The former First Lady has been in the group since 2018. She had followed the raid in Lapland, then already the New York marathon for Paris Match. At the time, 5 Défi d’Elles runners had done the race in a very special way: they had brought with them 42 photos of patients with breast cancer. At every kilometer they brandished and presented to the public one of the photos. ” I found myself training then, first to do the women’s raids in Defi d’Elles, then this marathon now. I didn’t train for a marathon; I’ve never raced a semifinal, but all together we feel such strong emotions, that it makes you surpass yourself (…). And then the goal is just to go all the way, I believe it! “.

celebrate life

At the head of the group, Christelle Gauzet also believes in it. This former police officer, who became famous by participating in the Koh-Lanta show, created Défi d’Elles.
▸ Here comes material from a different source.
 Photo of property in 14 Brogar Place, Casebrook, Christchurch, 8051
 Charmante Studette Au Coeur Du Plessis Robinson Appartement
Although very sporty, it arrives at the New York marathon not particularly sharp: it has just organized in October, on the occasion of the awareness month for breast cancer screening, four raids, from the island of Oléron to the side of the Var, each time with 120 different participants. Tiring experience for the organizer, but it is not about giving up, especially since the adventure has been expected for more than two years. The group had to run in 2020, marathon canceled due to Covid, then again in 2021, where the marathon took place, but without foreigners, the American borders having not reopened until the day after the marathon.

This will be my third marathon, my second in New York (he had already participated in the group present in 2018). To be honest, I prefer running in nature, but the scale of the event is such that it is a great platform for the Keep a Breast cause to raise women’s awareness of self-examination. ” Every opportunity is good to get the message across, Malika Kacel insists: “ I was the one who detected my cancer; this also applies to 40% of breast cancers. They are first identified by the women themselves, by self-examination “.

But for the Bordeaux nurse it’s not just a question of prevention. It is also about celebrating her life. ” I was athletic before cancer, she says, but I’ve been in it ever since. I’m always on the move ”. One way, he says, “To prove to ourselves that we are there, that we can, that we have this possibility … When we have been close to death, we no longer see life in the same way”. On the asphalt in New York, Malika Kacel will also think of her mother, who she lost at the age of 12, and her older sister, who died of breast cancer at the age of 34. ” I will think about them a lot “. she concludes.